A Nightmare on Elm Street takes serious stab at 80s franchise
There’s no compelling reason as to why you should see the remake of A Nightmare on Elm Street. It lacks the daring, genre-changing feel of the 1984 classic and the filmmakers ironically seem frightened of doing anything different than making a glossier version of what’s been done better before.
Lately, the boogeyman horror genre has regained steam with remakes of Friday the 13th, Texas Chainsaw Massacre and Halloween. Naturally it was only a matter of time before Freddy Kruger got his turn down remake alley. Nightmare had arguably the best gimmick of the boogeyman genre as Freddy invaded his victims’ dreams and could kill them in real life.
One by one, a group of high school students — Rooney Mara (The Girl With the Dragon Tattoo), Katie Cassidy (“Arrow”), Kellan Lutz (Legend of Hercules) and Kyle Gallner (Beautiful Creatures) — are being haunted in their dreams by a man they are beginning to remember from when they were younger. Their parents disavow any knowledge or connection to this mysterious Freddy (Jackie Earle Haley, Watchmen (Director’s Cut + BD-Live) [Blu-ray]).
While he doesn’t have Robert Englund’s charisma, Haley is a suitable Freddy fill-in. And he one-ups Englund in making Freddy much more disturbing and terrifying than the somewhat comedic character he became in later installments. It’s the one aspect where the remake improves upon the original. Haley’s Freddy keeps the audience firmly on the side of his victims, even if they’re helpless to stop him.
Screenwriter Wesley Strick sticks fairly close to creator Wes Craven’s original vision. Since his 1984 debut, Freddy has appeared in eight films and Strick is more focused on hitting the already established marks of a Freddy Kruger movie like children jumping rope while chanting “1, 2, Freddy’s coming for you” rather than changing everything you thought you knew about Elm Street.
Most disappointingly, Strick doesn’t make much use of the nightmare aspect to get really creative with the deaths and most of Freddy’s victims just get slashed with his gloves as opposed to something truly bizarre.
Samuel Bayer, who’s directed music videos for Blink 182, Garbage and The Offspring, shoots the film with just as vintage a mindset so the cliché elements of figures dating quickly across the screen, long walks down hallways and false scares are all too familiar. If you expect anything to happen, it likely will and the predictable nature makes for a very unsatisfying horror/thriller.

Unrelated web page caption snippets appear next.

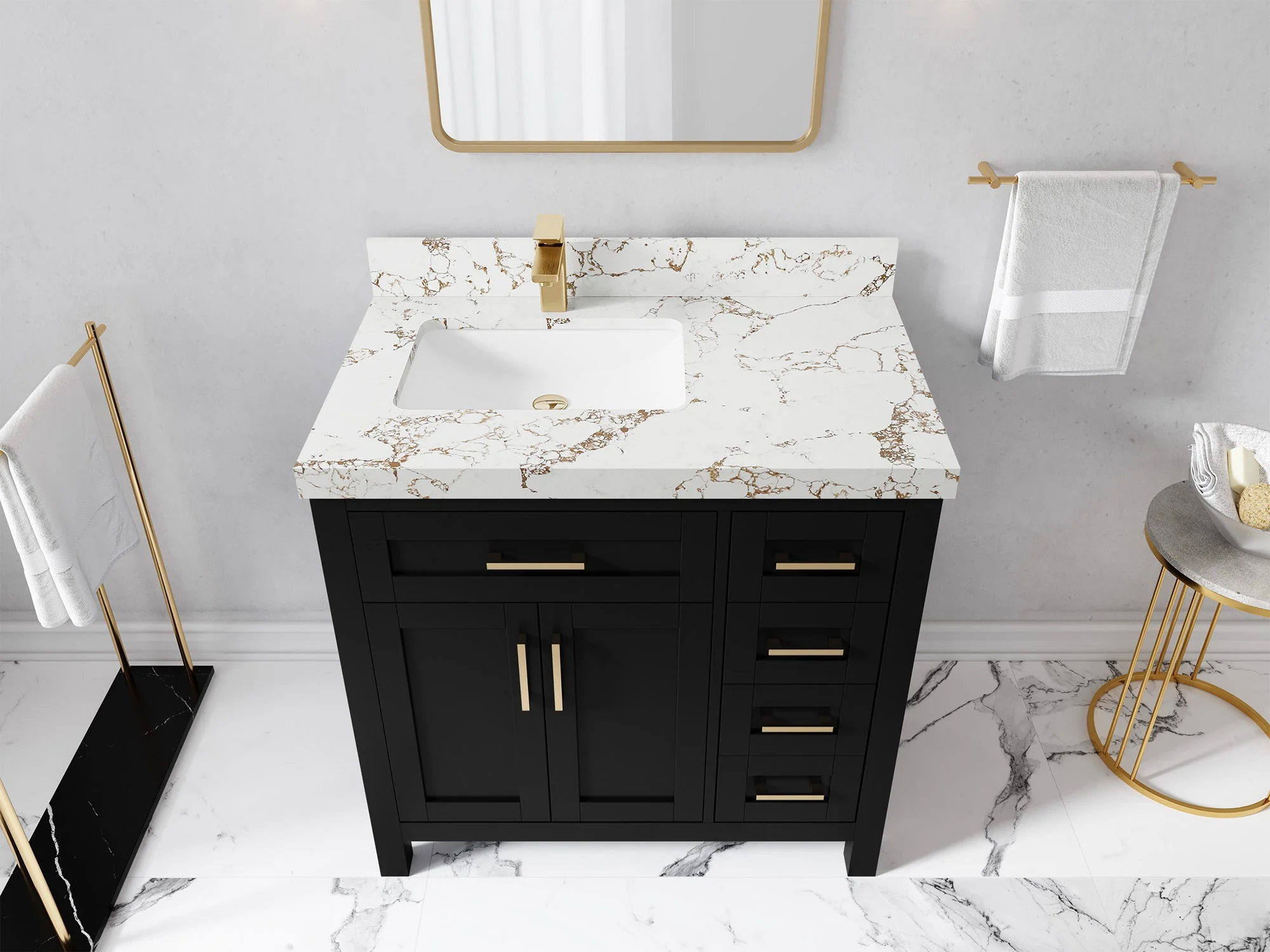 Cambridge 36 in. W x 22 in. D Left Offset Sink Bathroom Vanity - Image 41
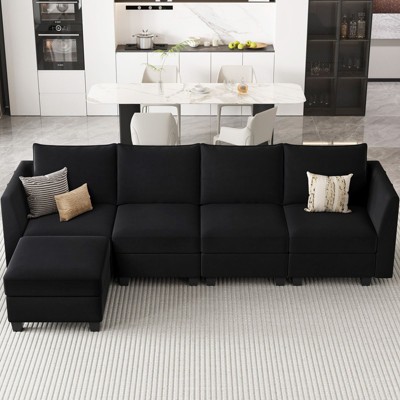 Belffin 5-Piece L-Shaped Sectional – 1500lb Capacity & Pet-Resistant Storage System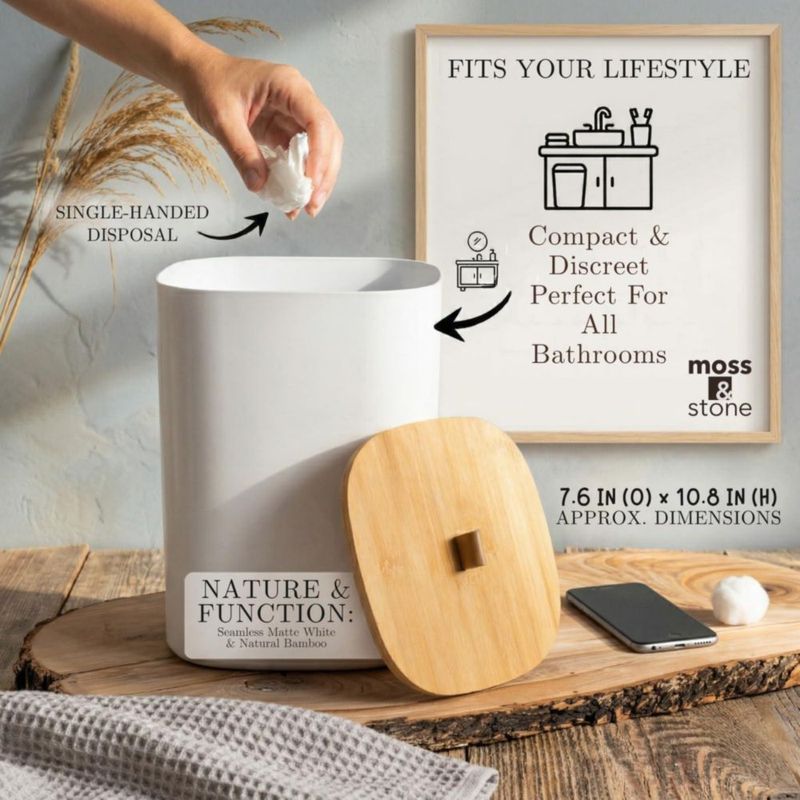 Juego de baño Moss & Stone de 6 piezas blanco y bambú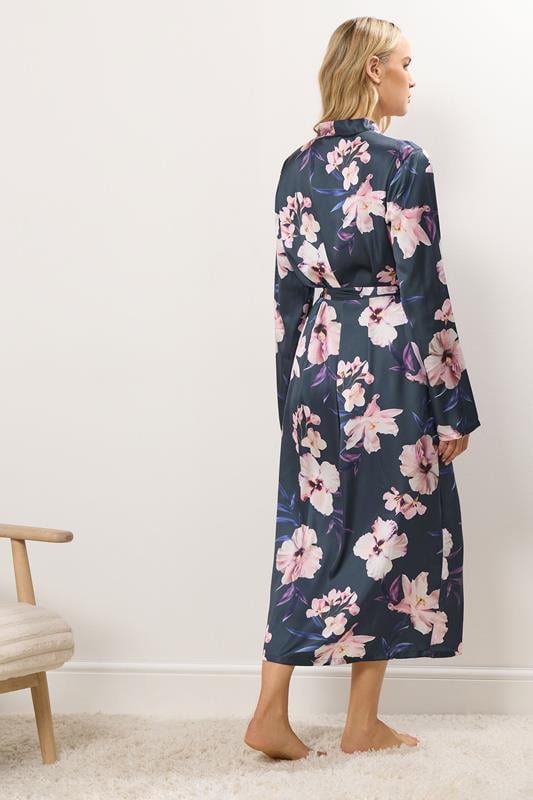 LTS Tall Grey Floral Maxi Satin Robe | Long Tall Sally 3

A Nightmare on Elm Street ver. 2 isn’t terrible, but the filmmakers handle the property so safe that it can’t compare to its inspiration. The original wasn’t made in the 1950s and wasn’t in dire need of a more polished version with better technology. The death scenes are well done, the acting better than average for a horror movie and the effects are solid, but the real nightmare is the tragic lack of creativity in this new look of one of the genre’s greatest characters.